The latest forecast is lower than government’s, which in February announced a forecast of 4.2 percent growth for 2019. The revised IMF forecast, however, places Botswana above the sub-Saharan average of 3.5 percent and the SADC average of 2.4 percent for 2019. The latest revisions are contained in the IMF’s World Economic Outlook (WEO) released on Tuesday. Every year, the Bretton Woods institute releases the WEO in April before revising it in October.

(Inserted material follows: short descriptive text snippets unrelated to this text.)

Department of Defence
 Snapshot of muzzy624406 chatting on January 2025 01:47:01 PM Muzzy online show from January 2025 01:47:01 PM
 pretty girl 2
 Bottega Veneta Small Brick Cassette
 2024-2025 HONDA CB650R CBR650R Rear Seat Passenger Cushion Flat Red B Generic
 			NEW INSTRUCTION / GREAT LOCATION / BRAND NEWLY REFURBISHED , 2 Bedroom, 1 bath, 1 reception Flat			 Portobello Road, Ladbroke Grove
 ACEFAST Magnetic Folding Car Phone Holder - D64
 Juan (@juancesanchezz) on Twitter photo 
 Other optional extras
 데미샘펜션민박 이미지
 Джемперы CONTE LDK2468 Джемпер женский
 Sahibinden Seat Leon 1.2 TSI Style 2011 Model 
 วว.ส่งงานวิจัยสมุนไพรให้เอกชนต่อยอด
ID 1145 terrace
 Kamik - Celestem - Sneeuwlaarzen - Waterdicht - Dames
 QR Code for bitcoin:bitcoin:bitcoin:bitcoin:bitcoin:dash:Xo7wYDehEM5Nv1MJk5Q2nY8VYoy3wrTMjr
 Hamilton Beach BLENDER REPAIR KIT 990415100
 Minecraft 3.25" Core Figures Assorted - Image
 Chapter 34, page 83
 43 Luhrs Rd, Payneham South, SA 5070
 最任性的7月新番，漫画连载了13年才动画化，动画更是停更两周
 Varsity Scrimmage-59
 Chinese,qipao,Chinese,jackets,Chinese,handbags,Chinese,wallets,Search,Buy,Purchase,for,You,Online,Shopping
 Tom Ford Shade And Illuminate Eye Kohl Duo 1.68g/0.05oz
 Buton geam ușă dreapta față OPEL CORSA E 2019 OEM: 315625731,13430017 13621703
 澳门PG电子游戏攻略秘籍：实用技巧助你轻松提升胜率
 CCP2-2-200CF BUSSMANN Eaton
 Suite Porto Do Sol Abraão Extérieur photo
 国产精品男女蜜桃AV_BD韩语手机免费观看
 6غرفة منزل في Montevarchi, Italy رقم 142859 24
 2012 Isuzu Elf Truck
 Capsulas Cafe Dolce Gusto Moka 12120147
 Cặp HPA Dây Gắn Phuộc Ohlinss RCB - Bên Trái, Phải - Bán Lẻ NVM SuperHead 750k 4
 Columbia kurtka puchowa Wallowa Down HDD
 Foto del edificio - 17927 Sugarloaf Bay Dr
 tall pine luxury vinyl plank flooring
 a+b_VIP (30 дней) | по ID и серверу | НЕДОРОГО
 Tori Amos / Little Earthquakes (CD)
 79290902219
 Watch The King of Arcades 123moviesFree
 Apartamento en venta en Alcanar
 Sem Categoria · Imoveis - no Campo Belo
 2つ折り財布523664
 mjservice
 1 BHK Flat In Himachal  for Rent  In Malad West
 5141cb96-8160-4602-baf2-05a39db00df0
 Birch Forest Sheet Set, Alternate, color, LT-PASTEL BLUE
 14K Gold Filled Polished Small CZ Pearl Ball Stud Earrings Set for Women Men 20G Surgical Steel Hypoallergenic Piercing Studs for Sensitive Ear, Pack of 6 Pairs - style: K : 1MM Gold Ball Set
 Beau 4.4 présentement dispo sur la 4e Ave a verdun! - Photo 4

Last April, the IMF had forecast Botswana’s 2019 growth at 4.5 percent before revising it down to 3.6 percent in its October update. The WEO is the world’s most authoritative research analysis on global economic trends, threats and forecasts, covering the IMF’s 189 member states, which include Botswana. The latest forecast generally swims against a downgrade in the global growth forecast and similar reduction in the outlook for sub-Saharan Africa. The IMF shaved its forecast of global economic growth in 2019 by 0.1 percent to 3.6 percent, while cutting its forecast for sub-Saharan Africa by 0.3 percent to 3.5 percent. The IMF
expects an improvement in the second half of this year. “The current forecast envisages that global growth will level off in the first half of 2019 and firm up after that.
“The projected pickup in the second half of 2019 is predicated on an ongoing build-up of policy stimulus in China, recent improvements in global financial market sentiment, the waning of some temporary drags on growth in the euro area, and a gradual stabilisation of conditions in stressed emerging market economies, including Argentina and Turkey,” the IMF’s researchers said.
For sub-Saharan Africa, researchers said prospects varied widely reflecting the heterogeneity of the economies, with factors influencing growth in 2019 disparities in the level of development, exposure to weather shocks and commodity dependence and others. For oil producers such as Nigeria and Angola, oil prices are expected to soften affecting growth, while for base metal producers such as Botswana, the IMF has noted the strengthening of demand since August “as a result of supply disruption in some metal markets more than offsetting subdued global demand”.